Van zelfgebouwde croquembouche tot Viennetta uit de supermarkt: wat jouw dessertkeuze prijsgeeft over jezelf

© Alice de Groot
Jorik Leemans
Jorik Leemans Journalist

Het dessert louter het einde van een maaltijd noemen? Een grove onderschatting, zo blijkt uit de nieuwe expo Grand Dessert over de geschiedenis van onze nagerechten. Of waarom je beter nu al nadenkt over je nagerechten voor de nakende feesten.

Situatieschets: je hebt een hele dag in de keuken staan zwoegen. Na het aankleden van de feesttafel draaide je verse pasta, brouwde je een uitgekiend stoofpotje en dacht je hapjes uit met een gebalanceerd smaakpalet. Het dessert is de enige taak die je aan je partner uitbesteedde.

Je weet nog niet dat je je deze keuze zult beklagen.

Want wat zullen je gasten wellicht onthouden? De afsluiter van hun feestmaaltijd, zo stelt de wetenschap.
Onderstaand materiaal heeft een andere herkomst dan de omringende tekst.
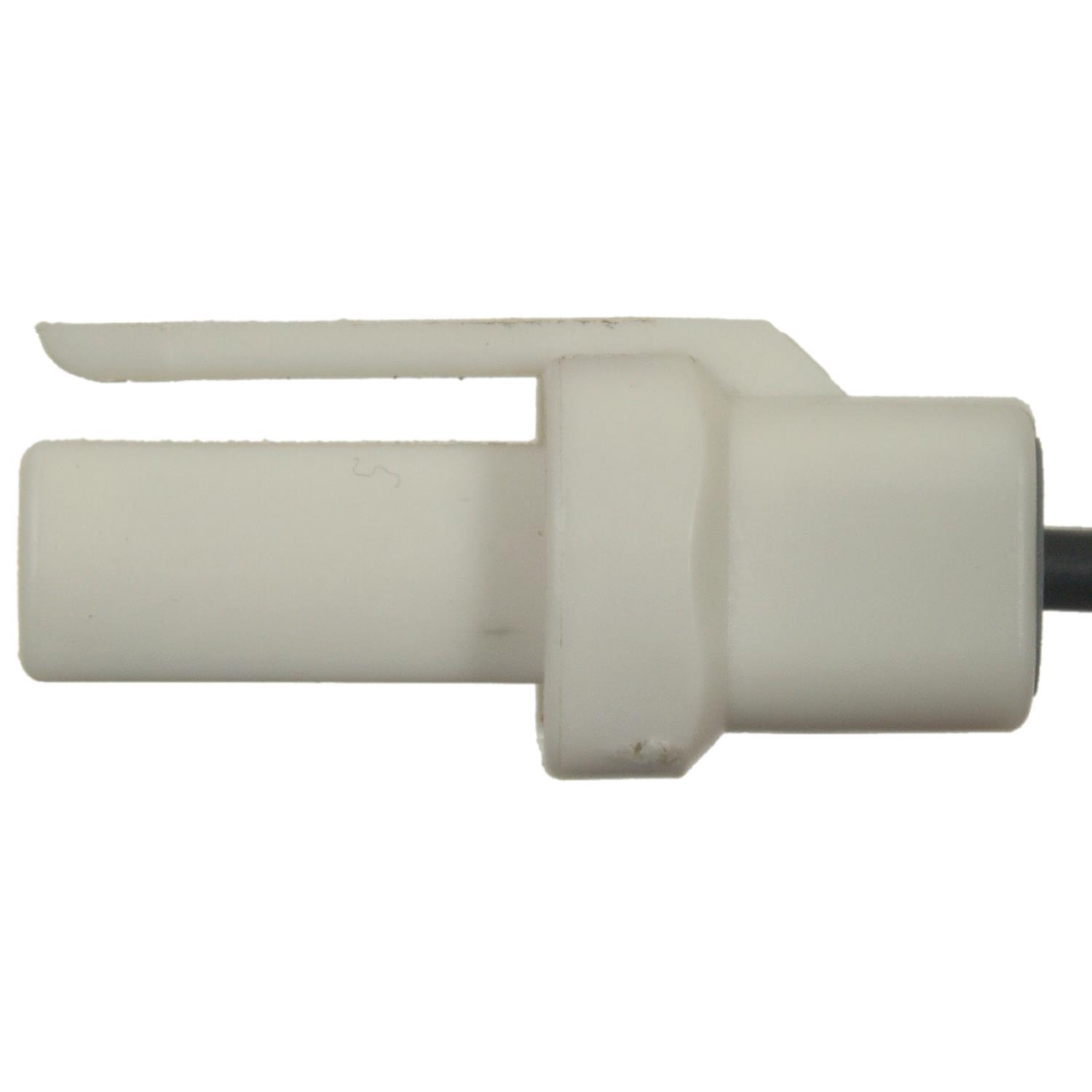 BWD PT5895 - Door Lock Actuator Connector BWD PT5895 Door Lock Actuator Connector product image 3 of 3
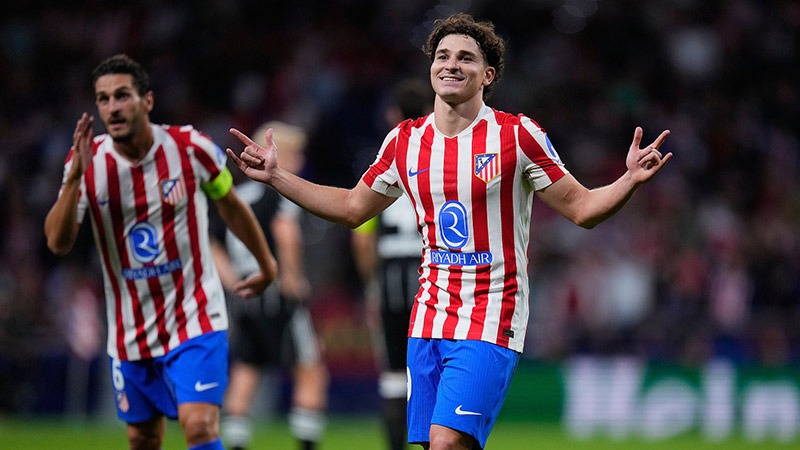 判锚点或解 判锚点或解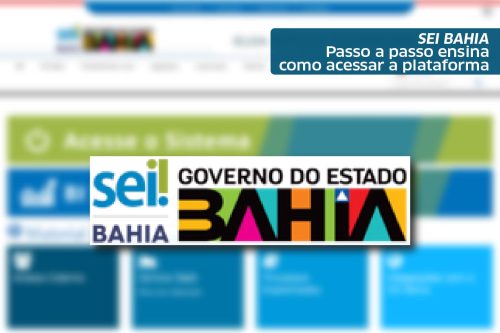 230525-destaque e insta-01-01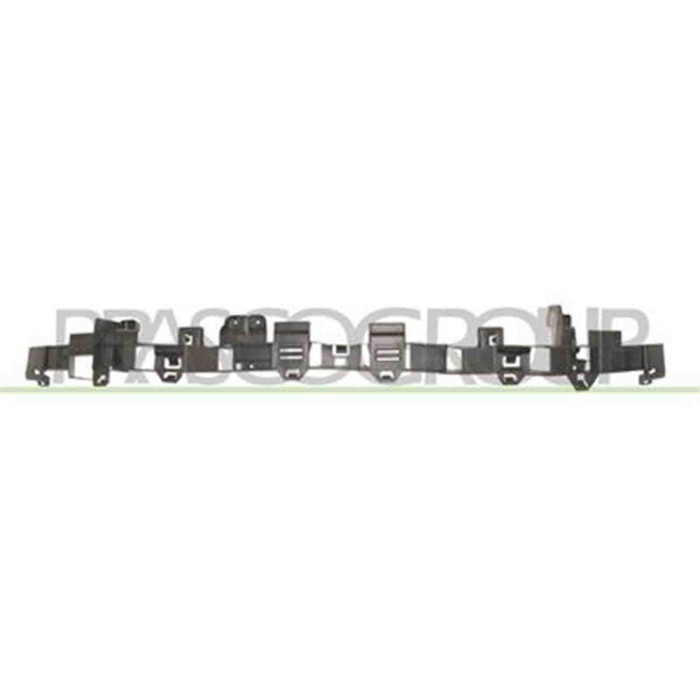 DA2301602_1.JPG Assorbitore Paraurti Anteriore Per Dacia Sandero Dal 2016 Al 2020
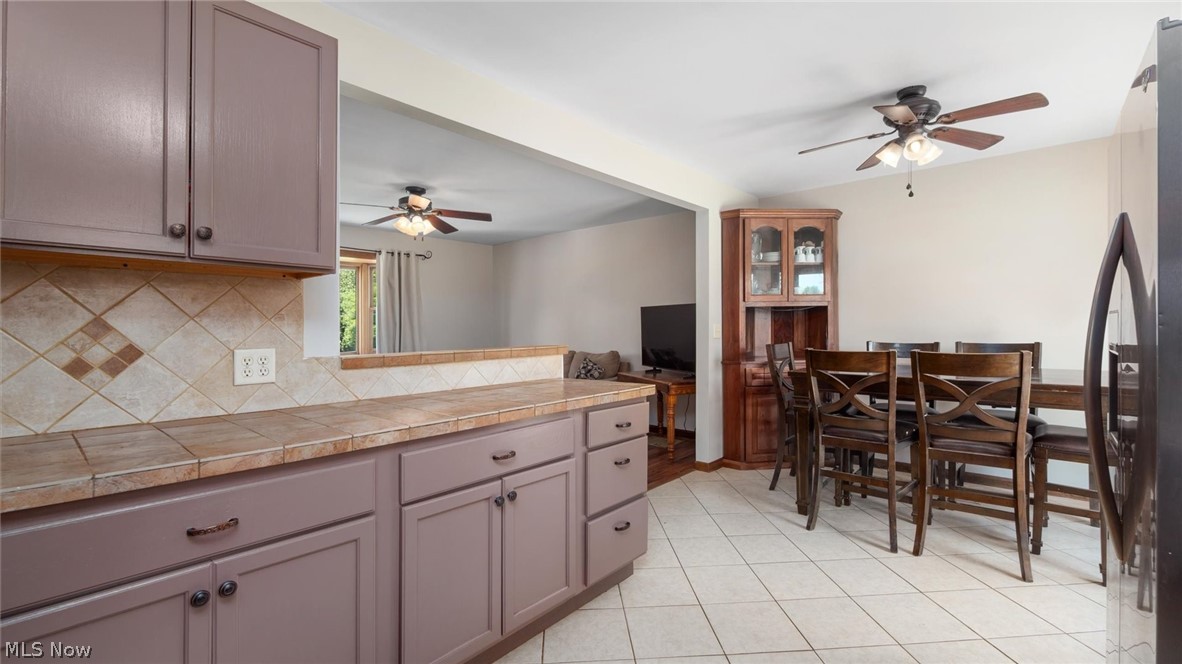 4045 Edward Drive Zanesville OH 43701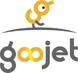 Goojet
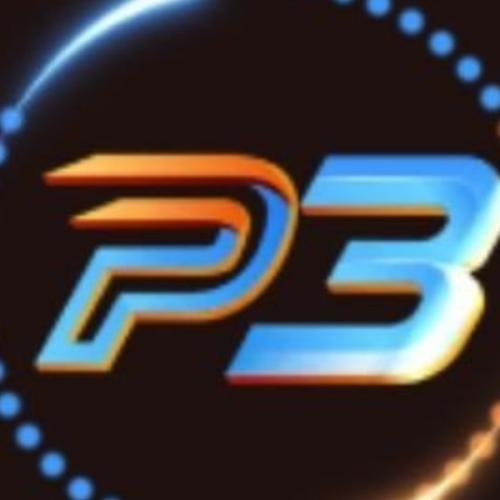 สมาชิกหมายเลข 7658915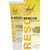 Bach Rescue Cream 30g Bach Rescue Cream 30g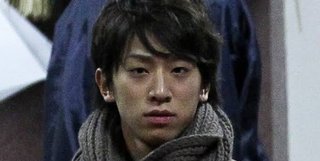 小山慶一郎　手越の契約解除に言及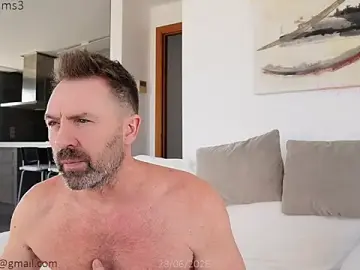 Stripchat Live Porn of lucycums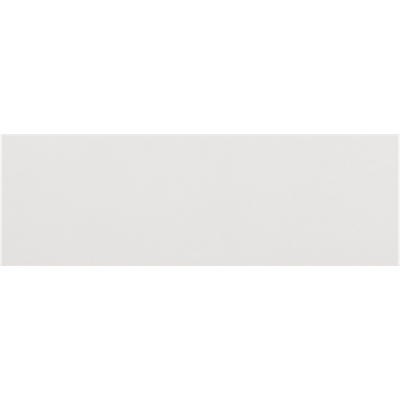 FAÏENCE LAVAL 20X60CM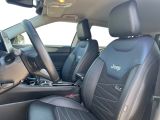Jeep Compass bei Reisemobile.expert - Abbildung (7 / 15)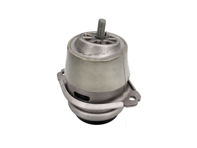 Lower Engine Mount. Porsche 958 Cayenne 3.0 Diesel 2011-18 - 95837504940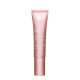 Clarins Total Eye Revive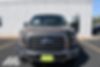 1FTEW1EP2GKF69673-2016-ford-f-150-2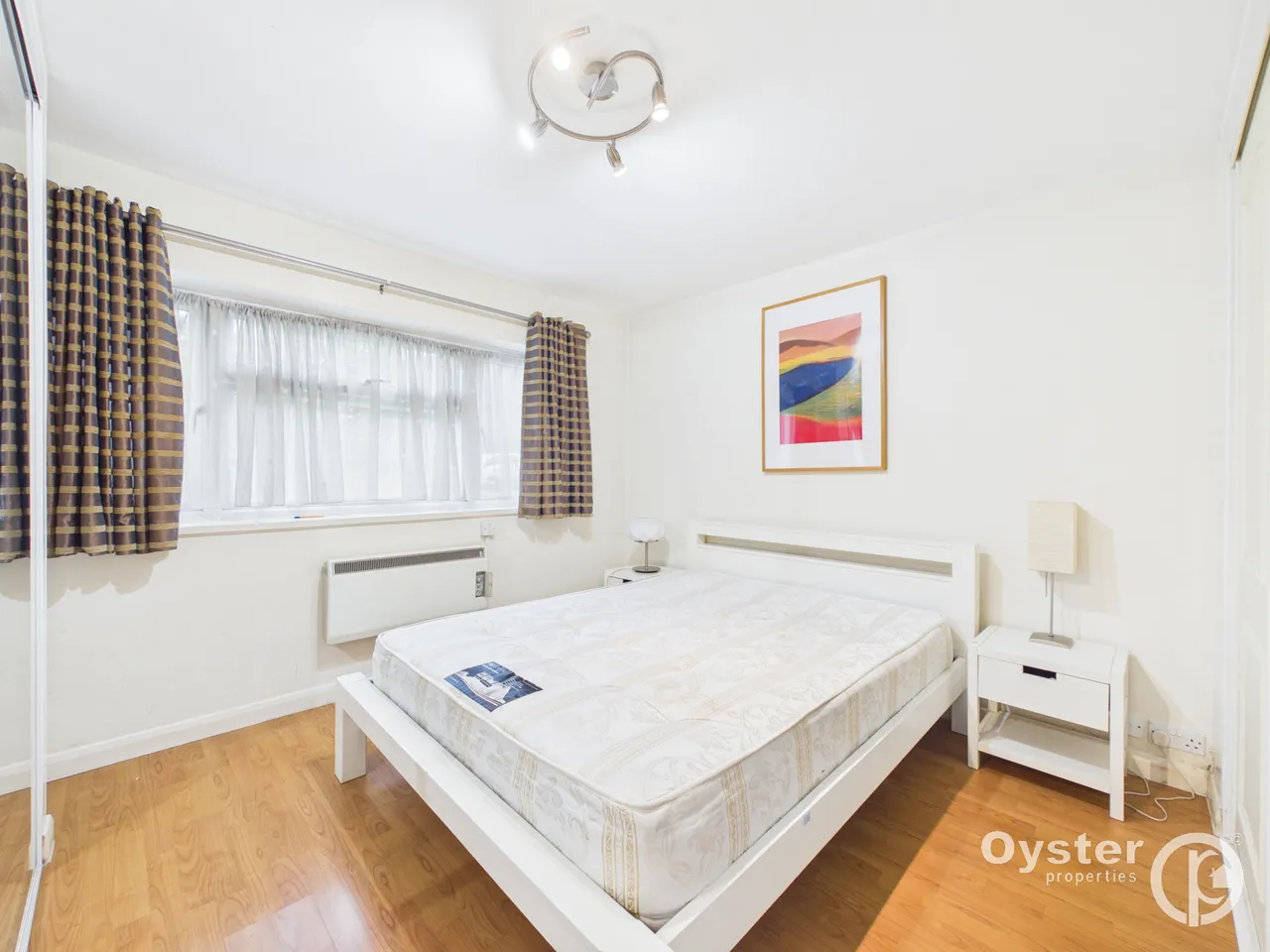 London Road, Stanmore, HA7, photo 7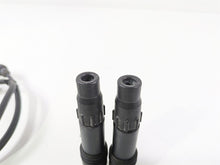 Load image into Gallery viewer, 2019 Suzuki M109R VZR1800 Boulevard All 4 Ignition Coil Set 33410-38A20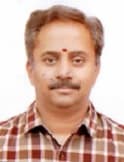 Rajkumar G — photo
Het recency effect, werd het fenomeen gedoopt waarbij de meest recente ervaringen doorgaans het best onthouden worden. Deze informatie weegt zwaarder door bij het vormen van een oordeel. Een nog half bevroren garnaalkroket als voorgerecht zal met andere woorden minder snel blijven hangen dan een verbrande meringue.

Bovendien toonde een onderzoek uit 2015 van Georgia State University aan dat het eten van zoetigheden een herinnering aan die maaltijd in onze hersenen inprent. Zo zouden desserts of andere zoete afsluiters neuronen activeren in de hippocampus, het deel van ons brein dat verantwoordelijk is voor ons episodisch geheugen. De kans dat er een foto van de kerstbuche prijkt op de mentale ansichtkaart die we overhouden aan de feestdagen is bijzonder reëel.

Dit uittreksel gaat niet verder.